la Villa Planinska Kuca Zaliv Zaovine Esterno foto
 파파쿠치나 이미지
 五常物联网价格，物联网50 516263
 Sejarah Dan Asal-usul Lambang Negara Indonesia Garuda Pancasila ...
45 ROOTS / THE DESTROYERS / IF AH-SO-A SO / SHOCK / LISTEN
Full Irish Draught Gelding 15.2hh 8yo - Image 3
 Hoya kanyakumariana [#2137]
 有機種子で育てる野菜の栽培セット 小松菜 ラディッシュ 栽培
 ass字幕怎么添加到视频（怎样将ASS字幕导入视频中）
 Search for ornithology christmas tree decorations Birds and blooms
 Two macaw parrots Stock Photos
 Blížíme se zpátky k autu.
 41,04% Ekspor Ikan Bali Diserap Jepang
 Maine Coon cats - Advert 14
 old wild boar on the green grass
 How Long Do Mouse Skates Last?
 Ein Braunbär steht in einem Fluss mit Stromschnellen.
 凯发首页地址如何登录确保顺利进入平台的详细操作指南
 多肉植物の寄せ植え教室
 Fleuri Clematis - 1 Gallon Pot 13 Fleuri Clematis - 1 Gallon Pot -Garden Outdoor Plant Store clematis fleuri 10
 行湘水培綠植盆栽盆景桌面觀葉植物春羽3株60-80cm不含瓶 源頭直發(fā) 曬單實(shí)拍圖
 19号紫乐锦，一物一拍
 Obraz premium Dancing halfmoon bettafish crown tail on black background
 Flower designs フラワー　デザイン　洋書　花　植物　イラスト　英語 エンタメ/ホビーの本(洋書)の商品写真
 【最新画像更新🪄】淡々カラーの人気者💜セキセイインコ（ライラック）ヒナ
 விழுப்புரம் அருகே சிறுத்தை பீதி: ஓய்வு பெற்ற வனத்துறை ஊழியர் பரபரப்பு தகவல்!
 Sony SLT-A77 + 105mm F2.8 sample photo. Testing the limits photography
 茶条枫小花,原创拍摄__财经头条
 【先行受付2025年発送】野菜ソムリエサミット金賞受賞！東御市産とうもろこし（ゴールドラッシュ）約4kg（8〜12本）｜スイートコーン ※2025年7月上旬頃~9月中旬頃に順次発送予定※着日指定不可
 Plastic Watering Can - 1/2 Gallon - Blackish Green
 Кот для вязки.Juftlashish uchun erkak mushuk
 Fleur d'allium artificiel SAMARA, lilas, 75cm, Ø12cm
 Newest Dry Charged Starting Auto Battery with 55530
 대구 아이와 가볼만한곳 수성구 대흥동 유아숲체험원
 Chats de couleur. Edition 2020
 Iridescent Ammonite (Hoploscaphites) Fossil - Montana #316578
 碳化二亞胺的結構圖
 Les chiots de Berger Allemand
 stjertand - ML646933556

::::

Required work: Could you restate, word for word, the lines above from the one with "Hoya kanyakumariana [#2137]" to the one with "Ein Braunbär steht", both included?

Response box:
 Hoya kanyakumariana [#2137]
 有機種子で育てる野菜の栽培セット 小松菜 ラディッシュ 栽培
 ass字幕怎么添加到视频（怎样将ASS字幕导入视频中）
 Search for ornithology christmas tree decorations Birds and blooms
 Two macaw parrots Stock Photos
 Blížíme se zpátky k autu.
 41,04% Ekspor Ikan Bali Diserap Jepang
 Maine Coon cats - Advert 14
 old wild boar on the green grass
 How Long Do Mouse Skates Last?
 Ein Braunbär steht in einem Fluss mit Stromschnellen.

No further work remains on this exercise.